#### [Extracted material]
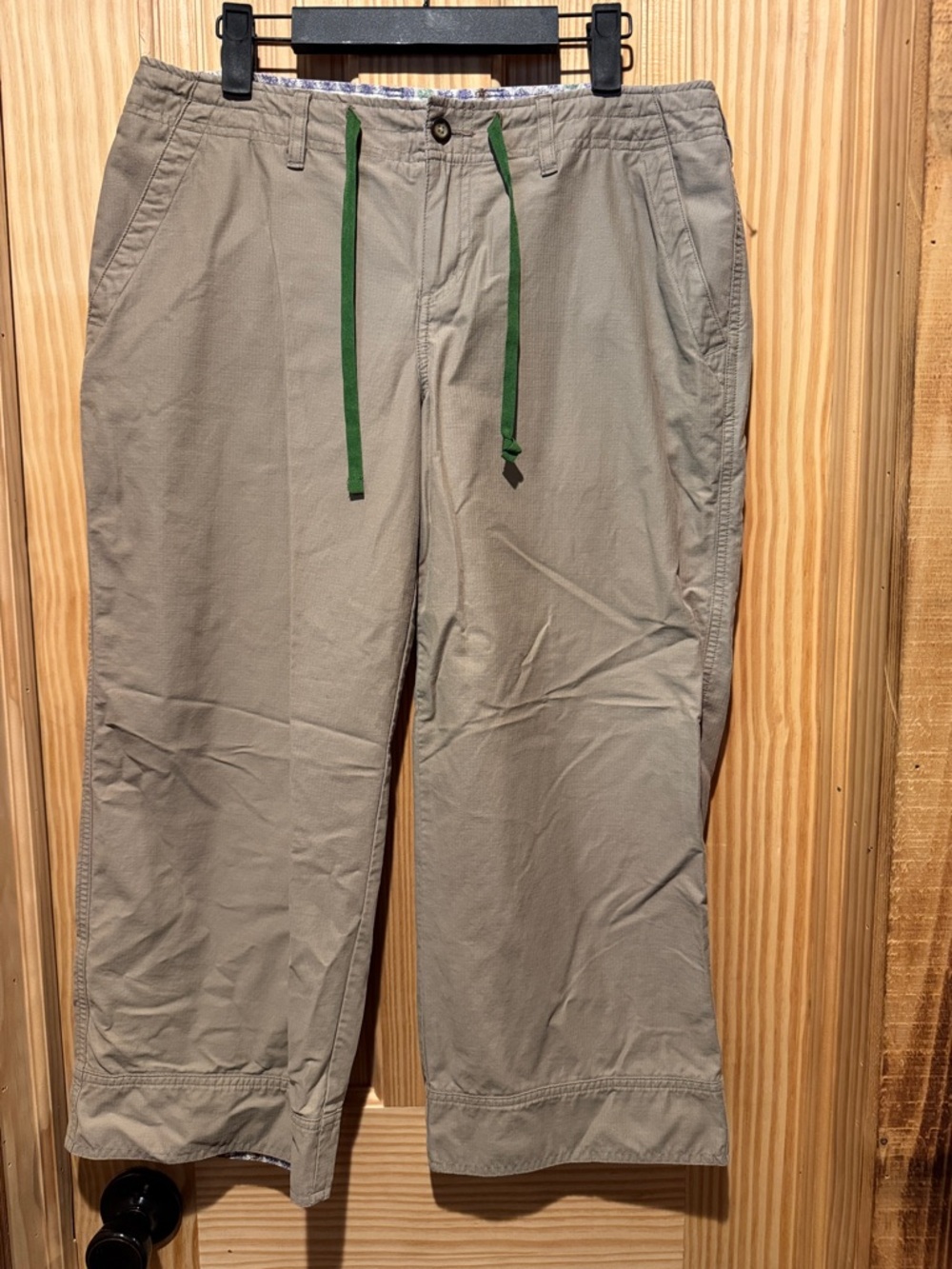 Horny Toad Stone Capris with Green Drawstring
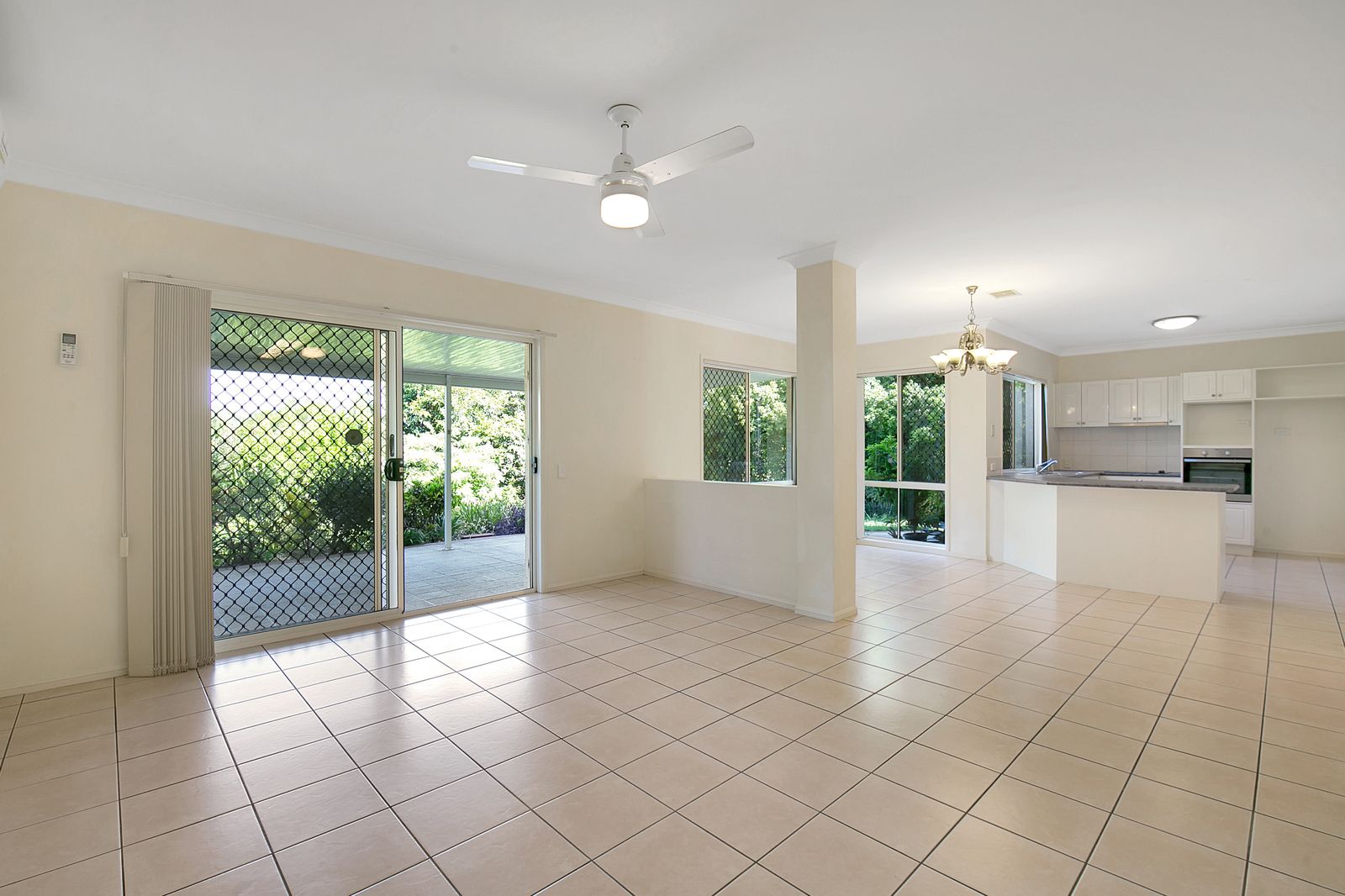 21 Angus Street, Sinnamon Park QLD 4073, Image 1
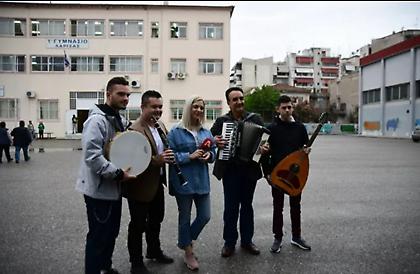 Με... κλαρίνα ψηφίζουν στη Λάρισα!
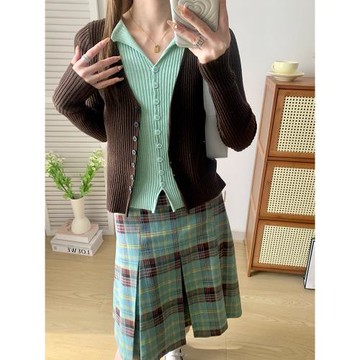 UVPU棕綠撞色假兩件女2024薄荷巧克力修身撞色假兩件長袖針織上衣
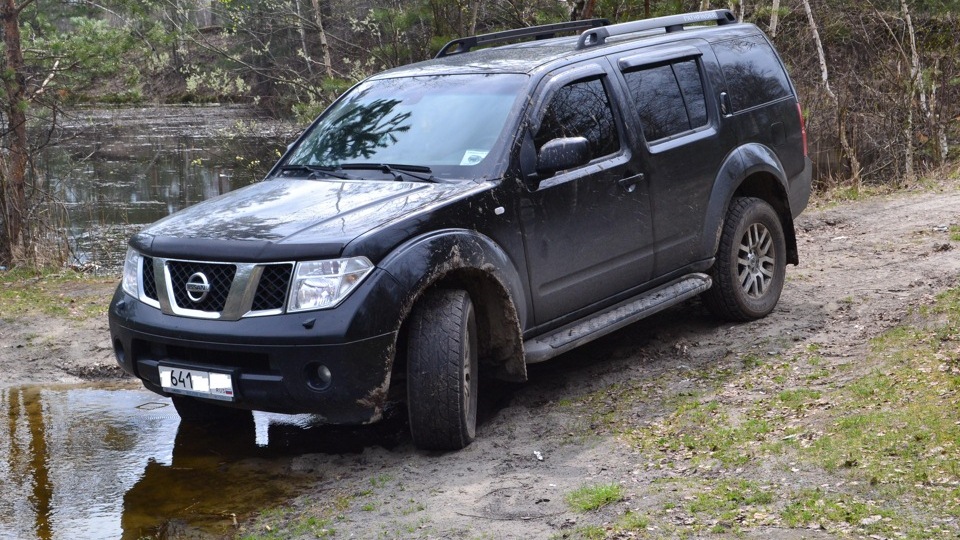 Патфайндер в пензе. Nissan Pathfinder 3. Nissan Pathfinder 2007 2,5. Nissan Pathfinder 3.5. Ниссан Патфайндер 2007.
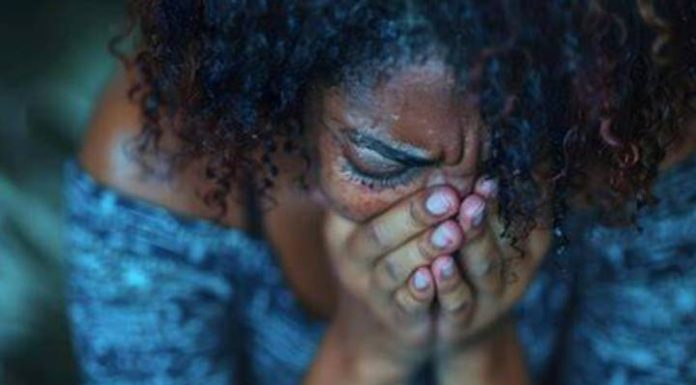 Homem é preso após forçar mulher a tomar soda cáustica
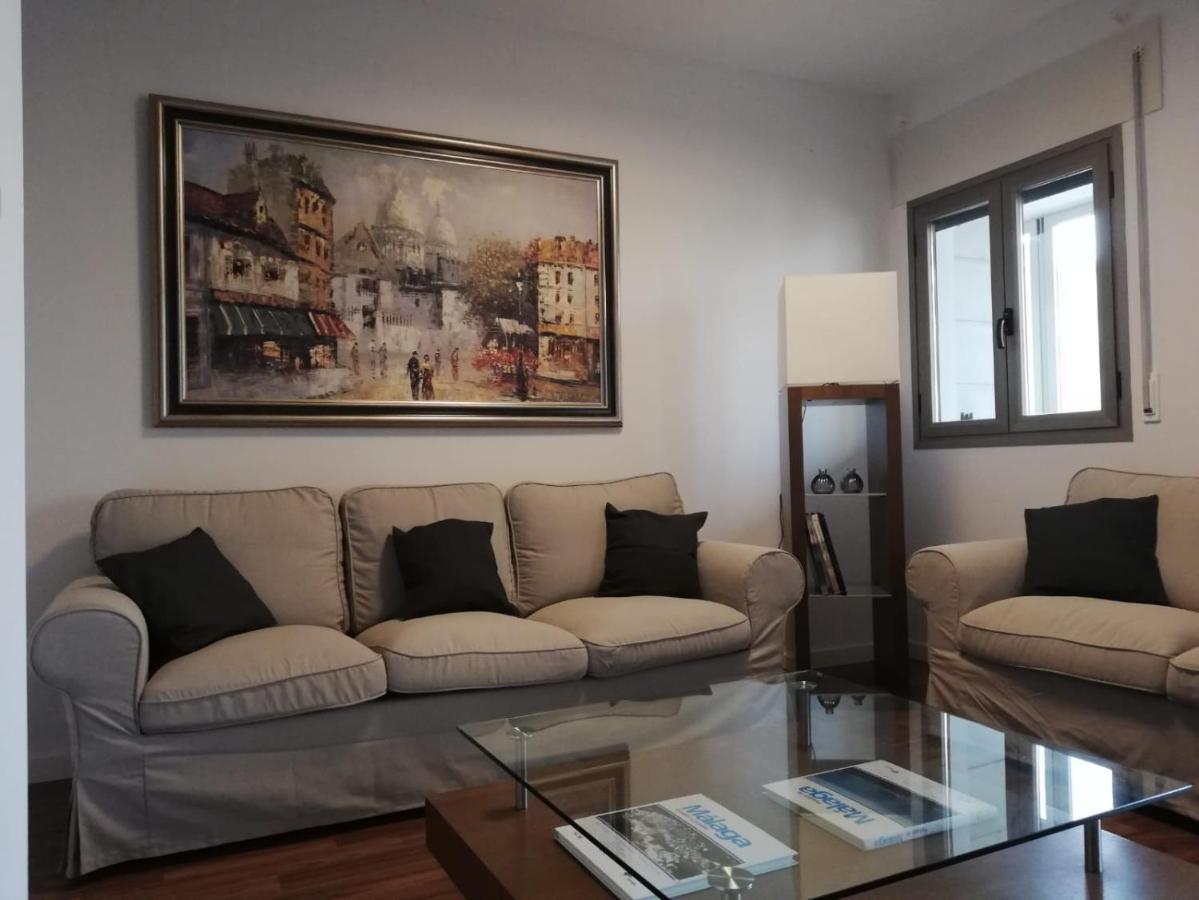 Gran Piso En Zona Comercial Malaga Bagian luar foto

#### [Exercise description]
Leaving each image aside, repeat the listing above exactly.

#### [Response to this task]
 Horny Toad Stone Capris with Green Drawstring
 21 Angus Street, Sinnamon Park QLD 4073, Image 1
 Με... κλαρίνα ψηφίζουν στη Λάρισα!
 UVPU棕綠撞色假兩件女2024薄荷巧克力修身撞色假兩件長袖針織上衣
 Патфайндер в пензе. Nissan Pathfinder 3. Nissan Pathfinder 2007 2,5. Nissan Pathfinder 3.5. Ниссан Патфайндер 2007.
 Homem é preso após forçar mulher a tomar soda cáustica
 Gran Piso En Zona Comercial Malaga Bagian luar foto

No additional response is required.